China's Economic Impact: Russia's Shift Under Scrutiny Amid Sanctions
Challenges of the Russia-China Partnership Amid Sanctions
China's economy is struggling under the weight of Russia's pivot to China, especially as U.S. sanctions over Vladimir Putin's invasion of Ukraine take their toll. This year, many Chinese banks are rejecting transactions, forcing Moscow to raise fees on yuan (RMB) transfers.
Financial Constraints Imposed on Moscow
Although heavily sanctioned Moscow saw a significant boost in trade with China during the war, with bilateral exchanges soaring 26 percent to $240 billion, this relationship is showing signs of strain. Recent reports indicate that around 98 percent of Chinese banks are now avoiding RMB-denominated settlements.
- Major banks comply with Biden administration guidelines.
- Increased fees are a direct result of liquidity issues.
- Russian banks face higher transfer costs for RMB transactions.
Implications for Russian Companies
Russian companies are now facing new hurdles, as Expobank JSC has dramatically increased its RMB transfer fees from 1.2 percent to 6.5 percent. Additionally, minimum commission has skyrocketed to 7,500 RMB.
- Other banks like Uralsib Bank are following suit with similar increases.

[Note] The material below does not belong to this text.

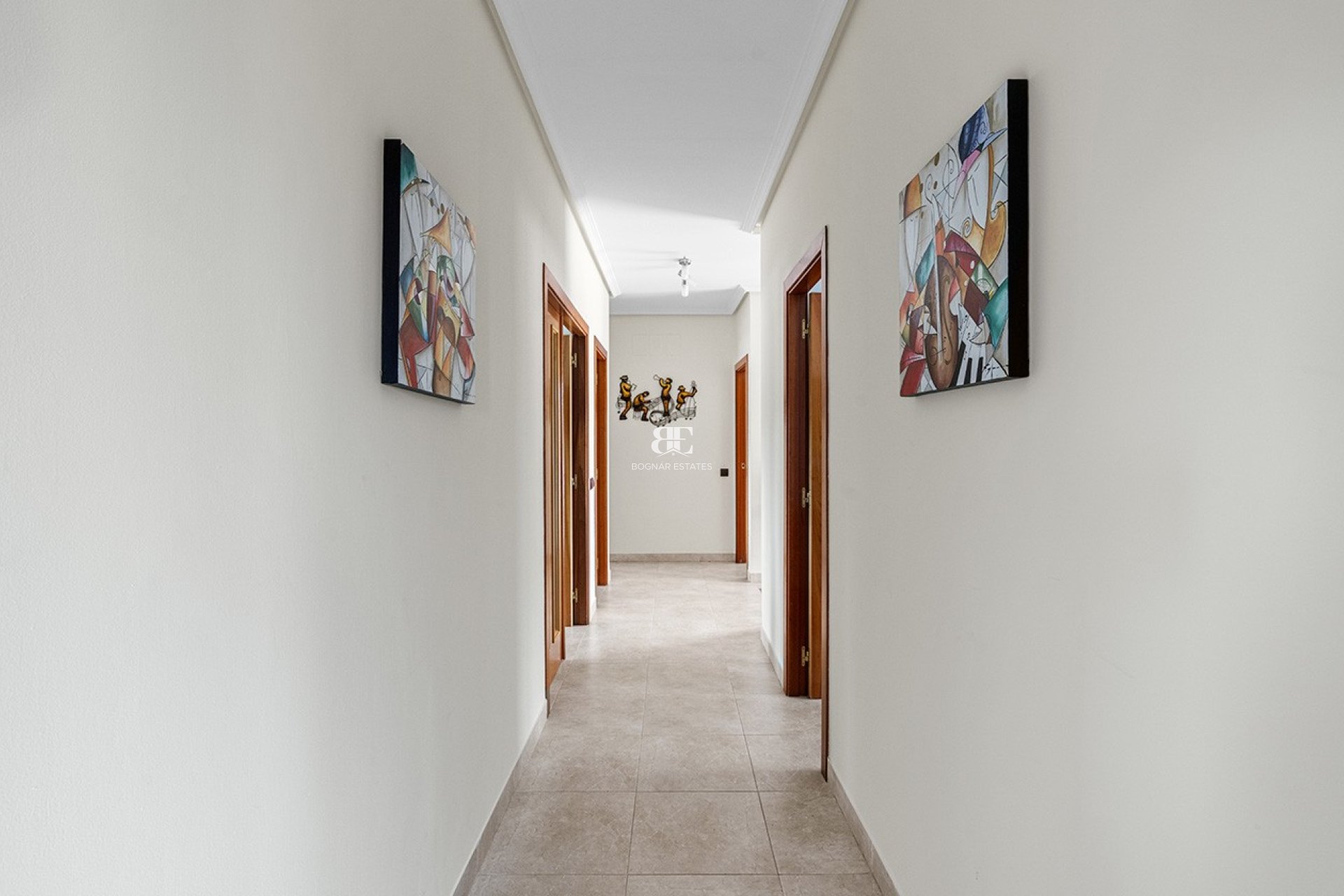 Wiederverkauf - Villa -
Alicante - Rebolledo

- SDM Bank has also joined in raising its commission for RMB transfers.
As the Russia-Ukraine war continues, it remains to be seen how these financial strains will further affect Moscow's relationship with China's economy.
This article was prepared using information from open sources in accordance with the principles of Ethical Policy. The editorial team is not responsible for absolute accuracy, as it relies on data from the sources referenced.